La domanda è: che cosa accade nell’ambiente? Stando a quanto riferito, la situazione è già preoccupante. Gli allevamenti rilasciano infatti in acqua la cosiddetta Dom (Dissolved organic matter), cioè materiale organico fatto di scarti di cibo escrementi in una percentuale veramente elevata: 40 tonnellate ogni 50 di salmone. I ricercatori dell’Helmholtz Centre di Monaco e dell’Universidad Austral di Valdivia, in Cile, hanno voluto verificare le conseguenze di questo scarico massiccio, e hanno scoperto innanzitutto che ogni fiume ha una sorta di firma: a seconda della zona di origine, contiene minerali e sostanze diverse. Per esempio, se nasce in una zona vulcanica ha molti derivati dello zolfo, se invece sgorga in una foresta ha molta materia che arriva dall’humus. Caratterizzando singolarmente i fiumi, i laghi e le acque vicine alle coste, i biologi hanno visto come in ogni realtà ci siano già state alterazioni pesanti, ritrovando però uno schema comune.

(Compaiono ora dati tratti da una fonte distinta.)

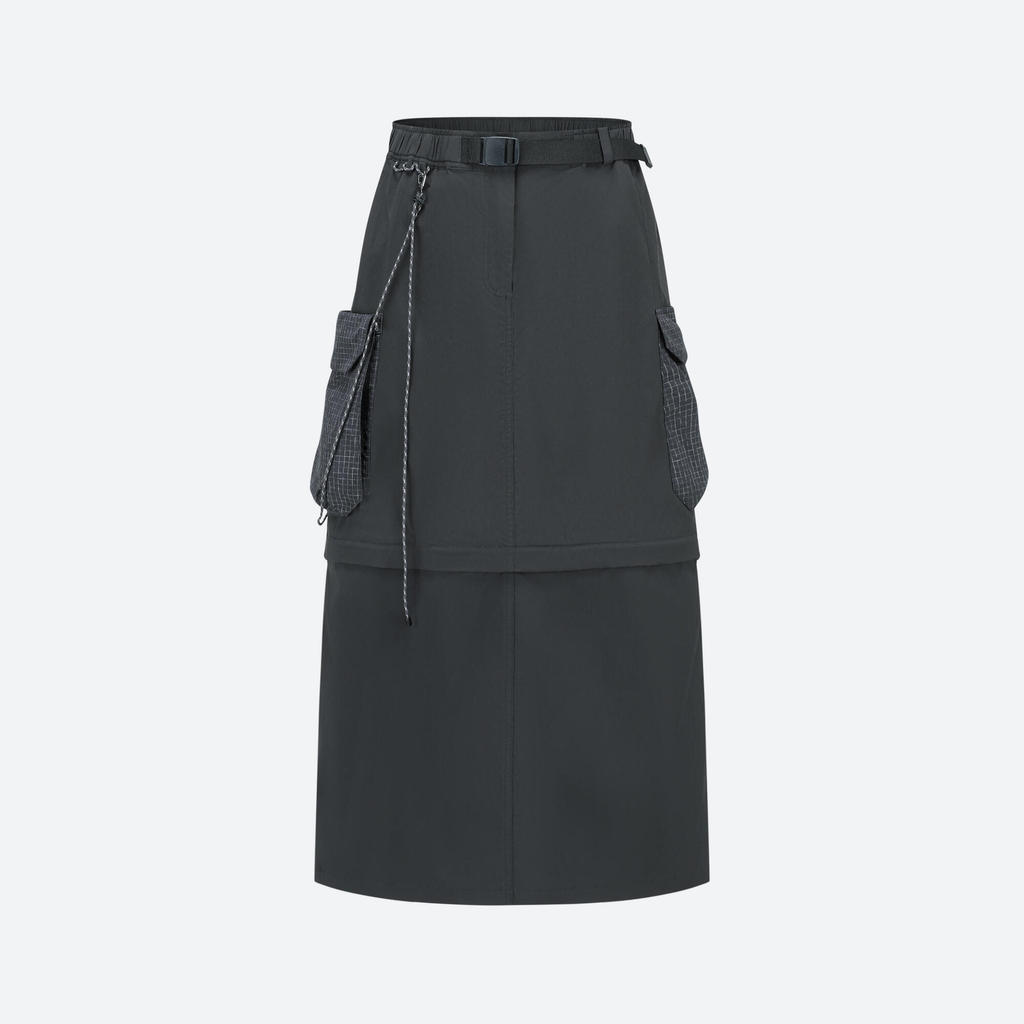 กระโปรงปรับความยาวได้ด้วยซิปสำหรับผู้หญิงรุ่น NH900 (สีเทาคาร์บอน) - เทาคาร์บอน | SKIRT NH900 ZIP OF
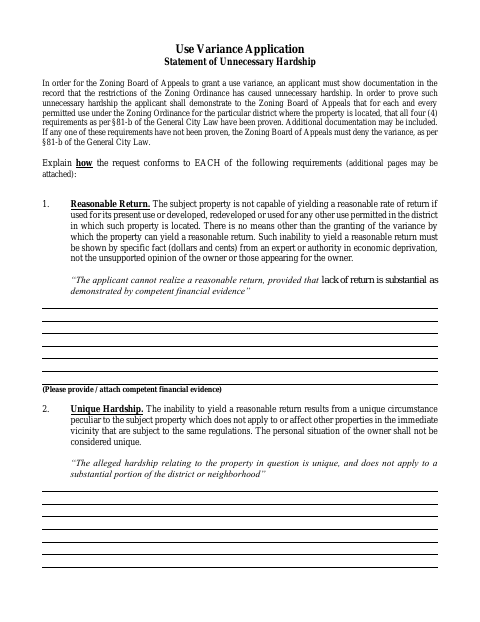 First page of the Use Variance Application – Statement of Unnecessary Hardship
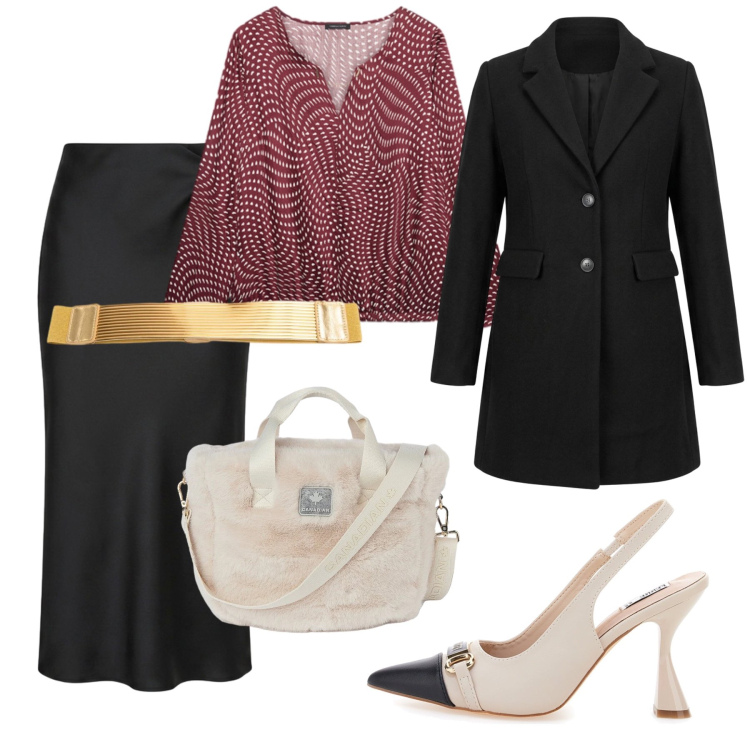 Outfit donna - Total look #2495428. Stile Glamour per Serata fuori. Abbinamento con bluse, gonne longuette, borse tote, cinture, cappotti, décolleté.
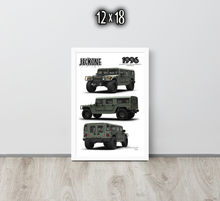 FRAMED POSTER: JECKONE Vintage | Design Study 005 | 1996 American High Mobility Vehicle -STUDY 005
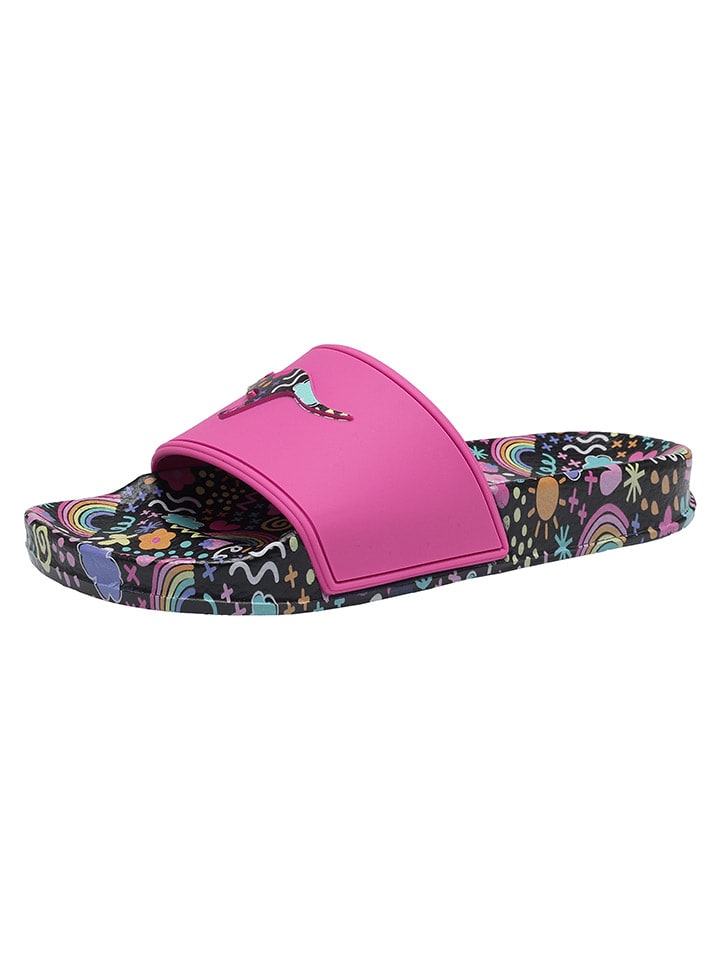 Kangaroos Pantoletten in Schwarz/Pink günstig kaufen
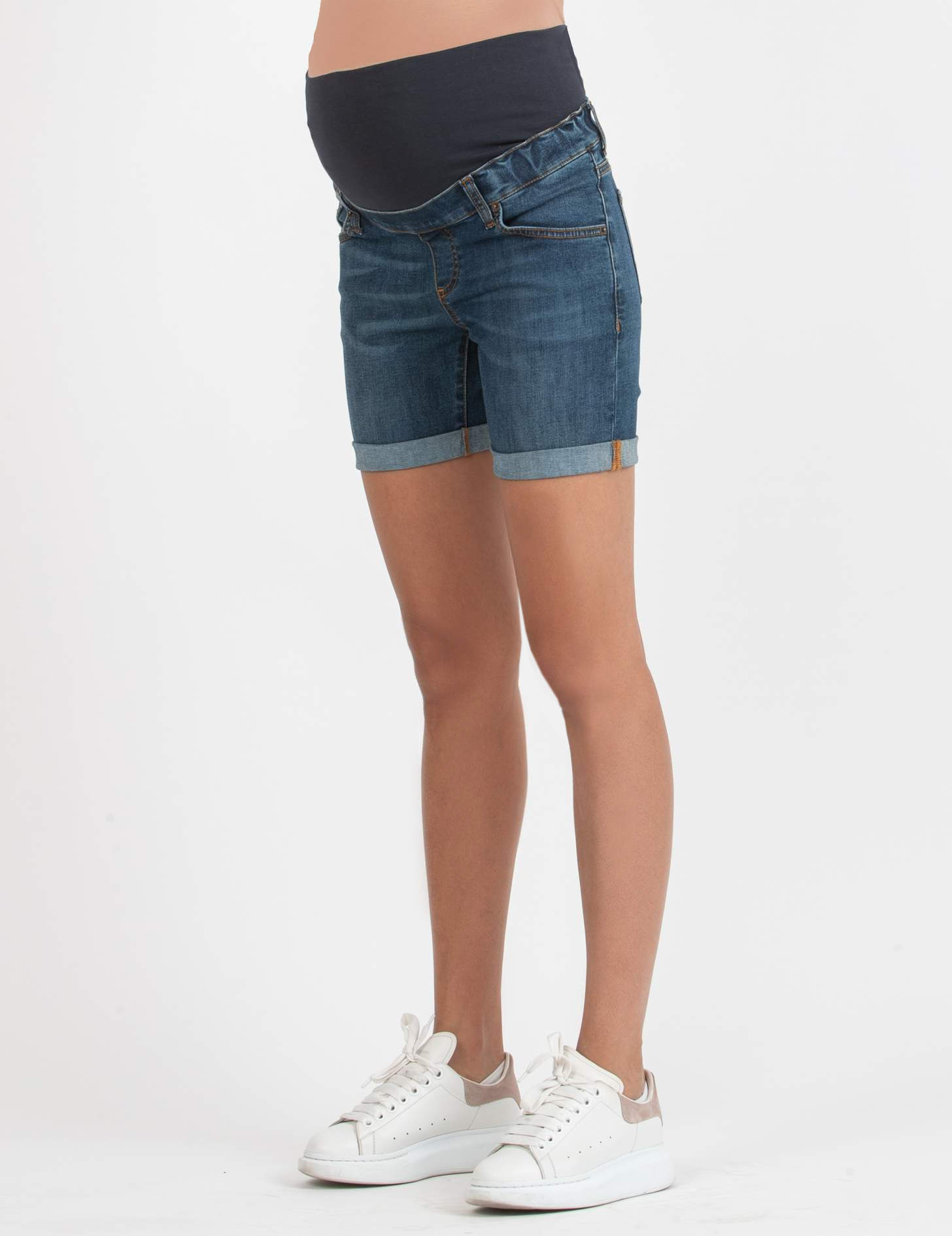 FRIDA - Pantaloncini Premaman Skinny in Denim Stretch (Blu)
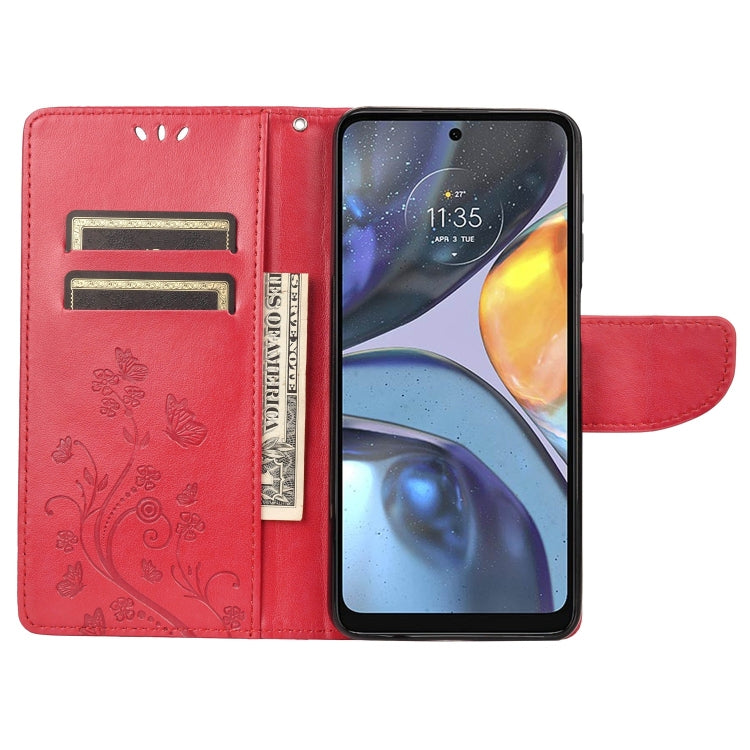 For Motorola Moto G22 Butterfly Flower Pattern Leather Phone Case(Red)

A valle degli allevamenti, infatti, il biofilm contenente le microalghe è alquanto compromesso, un fatto molto grave perché le microalghe sono alla base di tutta la catena alimentare delle acque e producono molto ossigeno vitale. Oltre a ciò, la quantità di batteri e altri organismi nelle acque è aumentata in misura esponenziale, com’era prevedibile, dal momento che i microrganismi hanno a disposizione per nutrirsi grandi quantità di Dom, contenente zuccheri, grassi e proteine. Ma ciò sbilancia tutto l’ecosistema, privandolo ulteriormente di ossigeno e micronutrienti (consumati anch’essi dai batteri) e, in definitiva, di vita.
Che fare per non compromettere un settore economicamente molto importante per il paese? Le autorità hanno iniziato a farsi carico della questione, introducendo alcuni limiti e costringendo così gli allevatori ad avere vasche di decantazione delle acque reflue; tuttavia molte delle sostanze normalmente prodotte da un allevamento, se biodegradabili (e la Dom lo è quasi per intero) non sono regolamentate e possono così continuare a defluire e ad agire da fertilizzante per i batteri.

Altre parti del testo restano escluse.